I've been thinking a lot lately about authenticity: What makes something or someone authentic, and why is it important (and why do I care)?

First, authenticity is not binary; it's not as simple as being (or not being) authentic. There are degrees. The authenticity of something or someone ebbs and flows with experiences.

To be authentic is to be genuine, credible, real. Probably most importantly, authenticity teeters based on the degree and validity of trust that's created.

Consider your acclimation to a new product or new acquaintance. You begin with a collection of perceptions that morph, through interaction, into impressions. These impressions are altered -- positively or negatively -- through experiences with the thing or person, fostering a variable degree of trust. The more positive, credible, genuine, and real the experiences, the higher level of trust (and thus authenticity). In short, perceptions >> interaction >> impressions >> experiences >> trust >> authenticity. In short (II): You can't fake authenticity.

Three examples to chomp on:

1. Politicians: I attended President Clinton's talk at UCD last week. He's good, and I side with most of his politics (but not his wife's). It was my second in-person experience -- my perceptions have solidified into impressions through somewhat real interactions. A pol's credibility and authenticity are magnified through such personal interactions. However, Clinton's authenticity was diminished through my interaction; he was less genuine, more contrived, a caricature. I guess I trust him less. Barack Obama, conversely, is authentic to me. I have not met him nor seen him in person. But, I trust him ... he's credible, genuine, human. Obama is real.

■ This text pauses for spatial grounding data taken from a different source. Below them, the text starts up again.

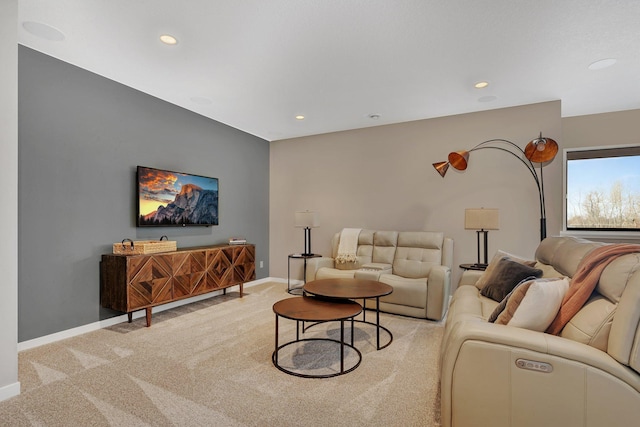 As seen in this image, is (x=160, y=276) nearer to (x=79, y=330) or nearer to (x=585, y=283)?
(x=79, y=330)

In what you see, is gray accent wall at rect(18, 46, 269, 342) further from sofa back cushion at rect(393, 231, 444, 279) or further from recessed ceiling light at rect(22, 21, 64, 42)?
sofa back cushion at rect(393, 231, 444, 279)

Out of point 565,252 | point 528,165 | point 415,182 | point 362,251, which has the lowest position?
point 362,251

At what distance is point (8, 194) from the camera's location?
2051mm

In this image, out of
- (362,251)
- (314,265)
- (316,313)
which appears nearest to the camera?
(316,313)

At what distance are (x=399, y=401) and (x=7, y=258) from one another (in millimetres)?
2671

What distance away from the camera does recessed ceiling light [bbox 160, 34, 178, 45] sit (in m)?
2.59

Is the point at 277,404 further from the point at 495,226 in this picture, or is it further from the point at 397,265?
the point at 495,226

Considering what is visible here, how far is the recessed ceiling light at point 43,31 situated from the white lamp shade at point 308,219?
133 inches

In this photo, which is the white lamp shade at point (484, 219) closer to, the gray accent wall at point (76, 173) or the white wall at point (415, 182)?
the white wall at point (415, 182)

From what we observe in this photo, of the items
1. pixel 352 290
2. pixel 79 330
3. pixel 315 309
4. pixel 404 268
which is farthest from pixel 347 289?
pixel 79 330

2. Products: A company's brand is, simply, the collection of perceptions it creates in the minds of constituents. Perceptions are staged and altered through the delivery of (positive and negative) experiences. People call this a "brand promise"; to me, it's the backbone of a company: the efficacy of the trust and rapport it builds with customers. When Apple unveiled the iPhone, it came loaded with a bevy of promises and potential. Early adopters trusted Apple -- probably due more to historically favorable experiences with the company's products (we perceived it was going to be cool and useful and functional) than the fulfillment of an unmet need -- and took a leap. To me the iPhone is authentic; through positive experiences, it has fulfilled my expectations.

3. People: We all have coaches, colleagues, teachers and friends who we trust. They're authentic, and their authenticity (our trust and belief) is earned through a combination of being candid and genuine, perhaps humble and non-defensive, relational and warm. Flip the coin and think of non-genuine, unauthentic counterparts. Initially through instincts and eventually through experience-born judgment, your trust wanes. We associate with and migrate to people we trust.

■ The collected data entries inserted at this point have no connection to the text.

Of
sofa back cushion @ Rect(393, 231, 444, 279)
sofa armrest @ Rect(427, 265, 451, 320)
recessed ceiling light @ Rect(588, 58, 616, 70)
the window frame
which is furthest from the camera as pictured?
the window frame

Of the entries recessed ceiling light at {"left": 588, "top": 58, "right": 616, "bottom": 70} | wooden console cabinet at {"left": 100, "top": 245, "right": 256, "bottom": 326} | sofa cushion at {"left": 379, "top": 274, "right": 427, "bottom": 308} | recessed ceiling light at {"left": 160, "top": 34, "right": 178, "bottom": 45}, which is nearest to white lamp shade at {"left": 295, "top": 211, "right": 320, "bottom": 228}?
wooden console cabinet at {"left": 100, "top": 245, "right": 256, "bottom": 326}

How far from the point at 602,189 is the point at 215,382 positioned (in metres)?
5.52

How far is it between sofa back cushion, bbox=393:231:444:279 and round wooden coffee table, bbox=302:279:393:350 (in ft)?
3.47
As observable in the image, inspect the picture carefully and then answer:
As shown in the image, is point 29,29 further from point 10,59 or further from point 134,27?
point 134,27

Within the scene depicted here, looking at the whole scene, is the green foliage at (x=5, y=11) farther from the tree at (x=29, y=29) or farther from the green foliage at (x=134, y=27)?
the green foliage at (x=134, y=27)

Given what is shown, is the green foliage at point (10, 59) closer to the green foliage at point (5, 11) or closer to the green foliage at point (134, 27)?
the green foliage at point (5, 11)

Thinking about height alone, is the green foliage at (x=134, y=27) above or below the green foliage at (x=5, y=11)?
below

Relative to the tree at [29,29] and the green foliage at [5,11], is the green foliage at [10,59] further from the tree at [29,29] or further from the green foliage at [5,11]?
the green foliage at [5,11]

When you're voting for a candidate, keep it real. When you create a company or launch a product, focus on building trust and rapport (and thus authenticity) with constituents; by fulfilling a promise, loyalty will come. And when you're building a team, trust your judgment.

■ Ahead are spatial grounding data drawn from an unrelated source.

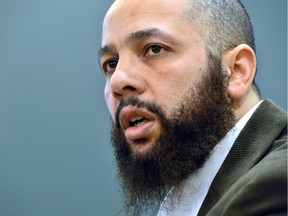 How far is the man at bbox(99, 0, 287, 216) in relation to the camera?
881 mm

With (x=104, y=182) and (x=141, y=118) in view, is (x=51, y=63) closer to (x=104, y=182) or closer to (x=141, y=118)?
(x=104, y=182)

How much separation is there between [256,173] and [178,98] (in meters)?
0.34

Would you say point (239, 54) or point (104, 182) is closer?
point (239, 54)

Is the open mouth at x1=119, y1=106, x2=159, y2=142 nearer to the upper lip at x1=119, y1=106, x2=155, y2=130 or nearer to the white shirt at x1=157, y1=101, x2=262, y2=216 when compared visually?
the upper lip at x1=119, y1=106, x2=155, y2=130

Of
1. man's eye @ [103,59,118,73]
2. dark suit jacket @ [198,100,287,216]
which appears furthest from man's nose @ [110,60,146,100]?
dark suit jacket @ [198,100,287,216]

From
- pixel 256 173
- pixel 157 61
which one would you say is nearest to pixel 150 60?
pixel 157 61

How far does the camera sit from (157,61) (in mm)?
918

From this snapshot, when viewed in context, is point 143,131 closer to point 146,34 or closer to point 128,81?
point 128,81

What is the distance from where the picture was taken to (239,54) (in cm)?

Post-script (24 Jan 08): From today's WSJ Opinion page ("The Authenticity Thing"):

Political authenticity isn't easy to define. Some would say the words are mutually exclusive. Others say that authenticity is a matter of whether a politician operates out of something real inside or is making his politics up as he goeas along. Perhaps the easiest test for authenticity in an electorate of more than one million voters is the one Supreme Court Justice Potter Swewart applied to hard-core pornography: "I know it when I see it." ...

If we want a better understanding of the style of authenticity that people who vote are looking for, consider the real meaning of Barack Obama's controversial praise for Ronald Reagan. Sen. Obama was correct that Reagan caught the nation's need for a new direction, which is now the senator's claim. But Reagan's published letters and papers make clear that he believed in his political ideas for a long time. By 1980, they were deep and clear. They were authentic.